Finding a good restaurant
- Avoid all you can eat places. Choose places that have a varied menu. Do some research for local restaurants and look at the menu beforehand.
- While at the restaurant, go for the steamed vegetables instead of the heavy carb sides such as mash potatoes, chips, wedges etc… Go for the colourful vegetables as these are higher in vitamins, minerals and fibre.
- Choosing leaner meat such as chicken, fish. These have a high protein content and are low in fat, but remove the skin if possible as the skin can be high in fat. Make sure you select meat that has been grilled, baked or steamed as they are better options than fried or crumbed.
- Choosing low carb beer if you're drinking alcohol such as pure-blonde ultra-low carb, Hahn super dry etc.
- Try mixing spirits with soda and lime or a gin and tonic. Avoid mixing it with soft drink which has more unnecessary sugar.
Go for a walk or a light run
- It can be hard to fit in exercise while travelling but if you plan out your day wisely, you can actually fit in some exercise. It doesn't have to be an hour or more but something small like walking to the local park is better than being idle.
- Do some body weight exercises at the park like dips, push-ups, squats, lunges etc.
- Try stretching every morning and before going to bed. It will help you relax, improve blood flow, increase flexibility and improved posture.
- Doing a light to moderate intensity exercise is good if you've had a few drinks the night before. It helps the body burn off those extra calories.
Having adequate sleep daily
- Making sleep your priority and have at least 8-10 hours of sleep.
- Avoid having any devices on 15-20 mins before bedtime.
- Drawing the blinds and wear an eye mask may help when you're sleeping in a room that isn't your own (like a hotel room).
- Ensuring that you are drinking at least 2 litres of water daily.
- This helps with satiety - keeps you fuller for longer - curbs appetite
- Having water in between drinks can help by preventing you from accidently having one too many, plus will keep you hydrated making sure there are no headaches the next day.
- If you are going out during the day, pack your own lunches and snacks, such making some tuna or chicken sandwiches, protein bars and some fruit. This will prevent you from buying at the venue which normally sells food which has ZERO NUTRTIONAL VALUE
- Setting aside time for some physical activity like a run or a walk with friends or family members and try having some me-time for yourself as well. This does help with de-stressing. Spoil yourself and let the body recharge. Try getting a massage, facial or day spa when on holiday.

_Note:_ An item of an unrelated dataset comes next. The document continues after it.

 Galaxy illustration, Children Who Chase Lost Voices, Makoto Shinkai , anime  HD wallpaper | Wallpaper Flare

- Everything in moderation - listen to when the body has had enough or when you are full.
- Fill your plate up with lots of vegetables and go easy on the appetizers such as spring rolls, sausage rolls etc.
- Having fruit instead of having cake and ice- cream such as peaches, oranges, grapes.

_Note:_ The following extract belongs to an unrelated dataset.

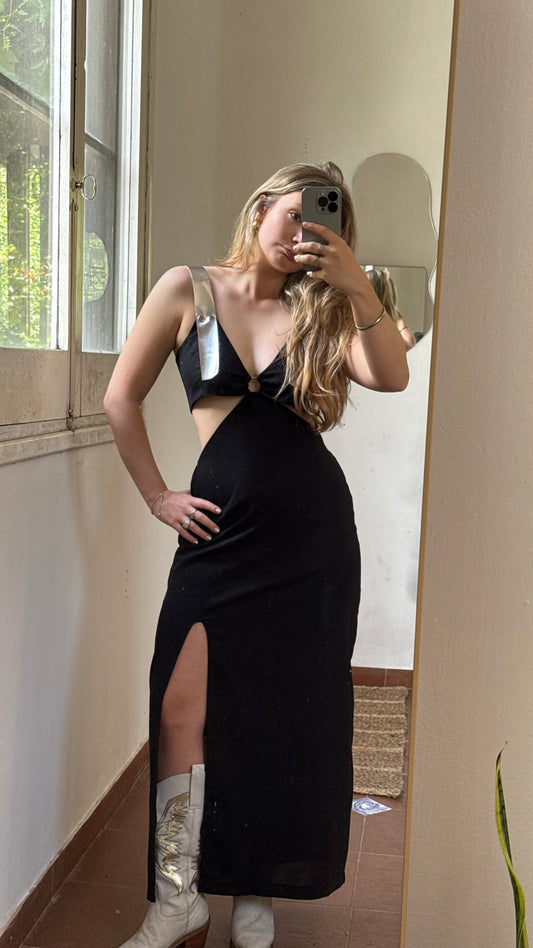 vestido iconic negro largo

Prevent yourself from being sick while travelling
- Ensuring that you wash your hands on a regular basis - this prevents germs from spreading everywhere.
- Packing a mini sanitiser bottle with you while you are on the go.
- Increase your Vitamin C intake to boost your immunity while travelling.
- Keeping everything covered and refrigerated after being opened.
Hope everyone will enjoy their holidays whether it may be with family, friends and loved ones! Remember to stay safe and have loads of FUN!!